Legal technology for in-house legal departments largely originated in the form of e-billing solutions. Technology to make sense of and reign in the huge amounts of money spent on external law firms was a no-brainer given the dollars involved. It doesn’t require much in the way of improvement over a portfolio of legal spend for the investment in e-billing to more than pay for itself. Another area where there has been considerable technology investment is document management. The return on investment in document management may not be as clear cut as e-billing but given the huge amount of time lawyers spend in documents, drafting, negotiating, storing, opining, it makes sense that we use tools to manage our document-related processes. It can get tricky when we need to work alongside enterprise document management systems which are not always fit for purpose for legal or easy to integrate with, but the rewards tend to be worth the effort. More recently, significant progress has been made with document automation and there are increasingly interesting developments in using machine learning algorithms to review contracts. Automation and artificial intelligence will drive some of the more noticeable and transformative changes in how legal services are provided.

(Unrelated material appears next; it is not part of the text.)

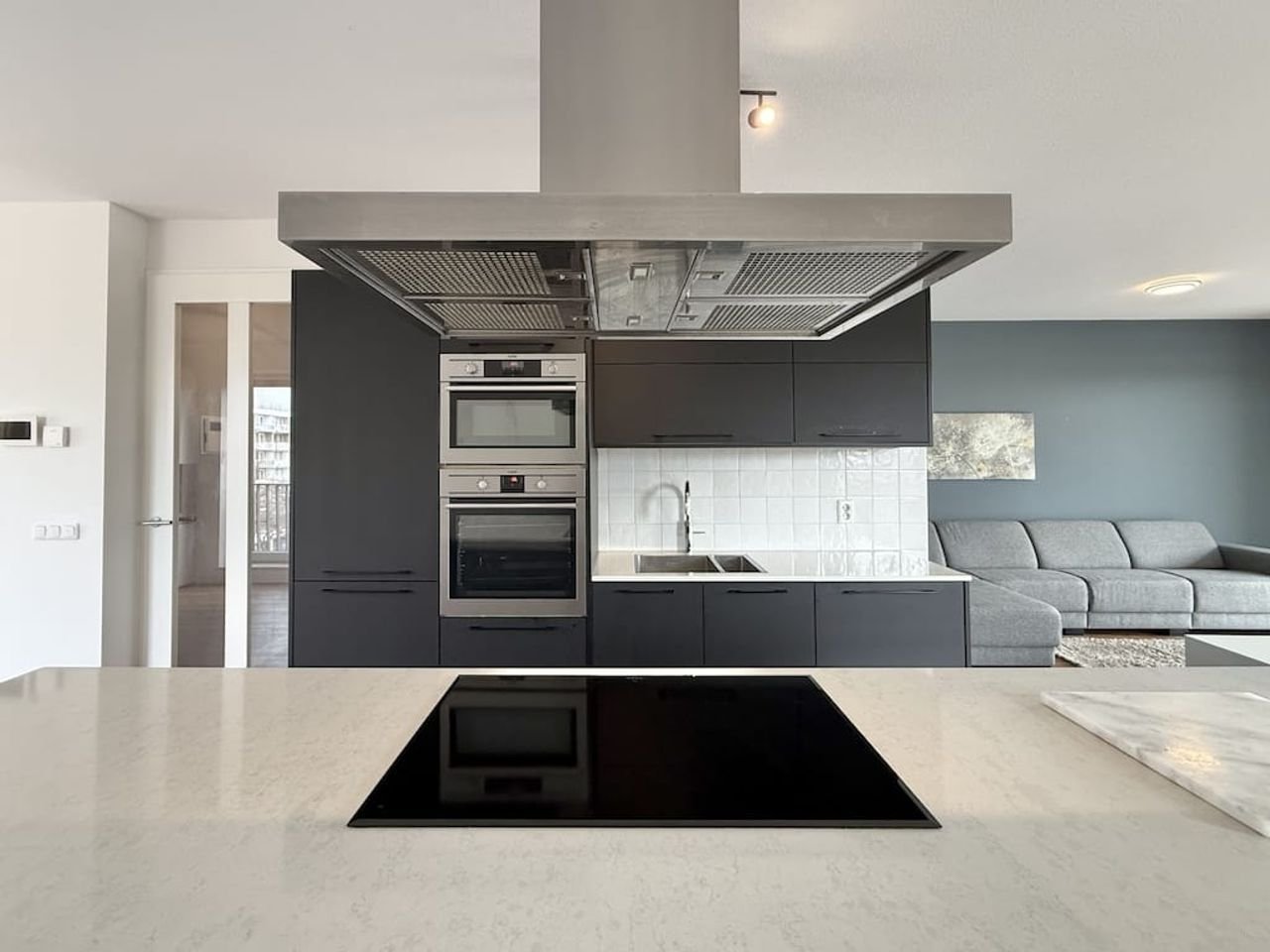 115m² 3-bedroom apartment in Overtoomse Veld - Image 5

My contention is that none of these great solutions will reach their full potential unless they sit within a comprehensive legal operating system. And there are two main reasons for this. Firstly, an operating system lays down the foundation for an end to end legal workflow: from intake to triage, matter, document, vendor and knowledge management. With this in place and seamless integrations into point solution tools, we now have an across-the-board digital legal environment. Secondly, and perhaps more importantly, unless we are working within one system, we don’t have a single source of truth. It is the single source of truth that produces the data to measure not just the performance of the legal team but the value it contributes to the organization it was set up to support. Legal departments are still at the beginner stage of using data to explain performance. Legal operating systems are going to unlock amazing data sets and produce rich insights to inform a raft of decisions we make around areas including workflow, contract and risk management.
Earlier this year PwC announced its strategic tie-up with legal operations platform LawVu. We selected LawVu after reviewing the market and deciding it was best placed to deliver the way of working described in the first paragraph of this article. The day after our announcement another Big4 professional services firms announced a similar tie-up prompting legal articles to ask whether this was the beginning of the ‘legal platform wars’. I’m not sure I’d call it war but I do see it as an alignment of thinking that the legal operations platform will be a key foundation layer for great tools, and the ultimate source of data that will produce metrics to accelerate the engine of change in the legal industry. It’s time for all legal departments to get on board.